ECN-regiment-PROSAGA-码农传奇

Regiment - Whip your cluster into shape!

Regiment abuses the NodeJS cluster module in order to seamlessly replace workers after certain
criteria is met. The goal is to keep the cluster up without dropping requests.

Installation

npm install --save regiment

Usage w/ Express

var Regiment = require('regiment');
var Express = require('express');
var app = Express();
// You can use either or both of the provided criteria middlewares, or contribute your own
app.use(Regiment.middleware.MemoryFootprint(750)); // Replace workers after rss reaches 750mb
app.use(Regiment.middleware.RequestCount(1000));   // Replace workers after every 1000 requests
Regiment(function(workerId) { return app.listen(); });          // default options
Regiment(function(workerId) { return app.listen(); }, options); // with options

Options

{
  numWorkers: 1,  // Number of workers you want -- defaults to number of CPUs
  deadline: 5000, // Milliseconds to wait for worker to gracefully die before forcing death
}

Why would you want this?

You have a leak in production and want your application to stay up while you figure out what is
going on or wait for a dependency to fix their leak.
You are familiar with max-old-space-size and other V8 knobs that crash your application
when the threshold is met instead of gracefully responding to outstanding requests.

How does it work?

Workers use middleware to monitor for certain conditions like RSS size or requests served. When the
criteria for replacement is met, a worker signals that it needs to be replaced by sending a message
to the cluster.

The cluster receives the message and spins up a new worker. The cluster listens for the new worker
and sends a signal to the old worker which instructs it to not accept any new connections and to
exit after servicing all current requests. The old worker is then disconnected from the cluster
and receives no new requests.

Note: You can have up to 2x numWorkers when replacements come online but before the old
ones gracefully die. This is temporary and by design as it drops back down to numWorkers.
Note: By default, the number of workers is set to the number of available CPUs.

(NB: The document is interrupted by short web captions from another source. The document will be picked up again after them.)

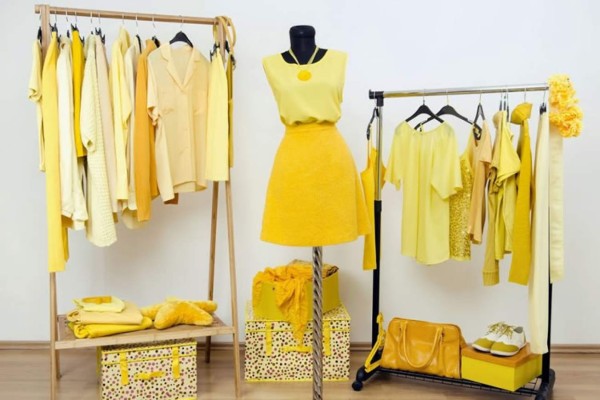 Amarillo para lucir regia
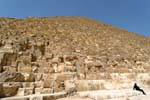 Kleinheit des Menschen und der Größe seiner Arbeit, Cheops-Pyramide, Ägypten.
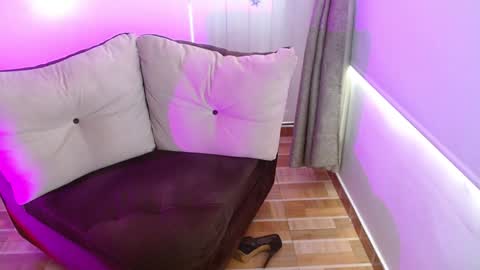 Snapshot of milfrosalie chatting on February 2025 03:53:02 PM Rosalie online show from February 2025 03:53:02 PM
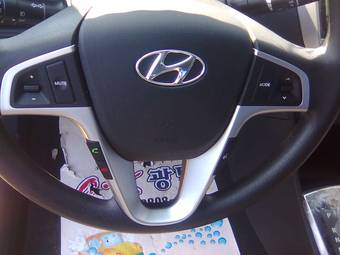 2011 Hyundai Solaris Pictures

This module works
just as well on small dynos where the number of CPUs is 1. A new worker is spawned and the old one
is replaced. The default for deadline is 15 seconds. HTTP-Cluster will wait this amount of time
for the worker to die by itself and then forcefully kill it.

Deployment Notes

On Heroku we’ve found 750mb memory footprint for 1 worker to be a sweetspot for our application
on a 2x dyno where we account for startup memory usage of the replacement worker being ~100mb and
give it a bit of a cushion for memory to balloon during the deadline (grace period).
A deadline (grace period) of 30 seconds is optimal for heroku. This is now the default.
Requires Node >= 6.0.0

Thanks

I was heavily inspired by @hunterloftis’s Throng library and Forky.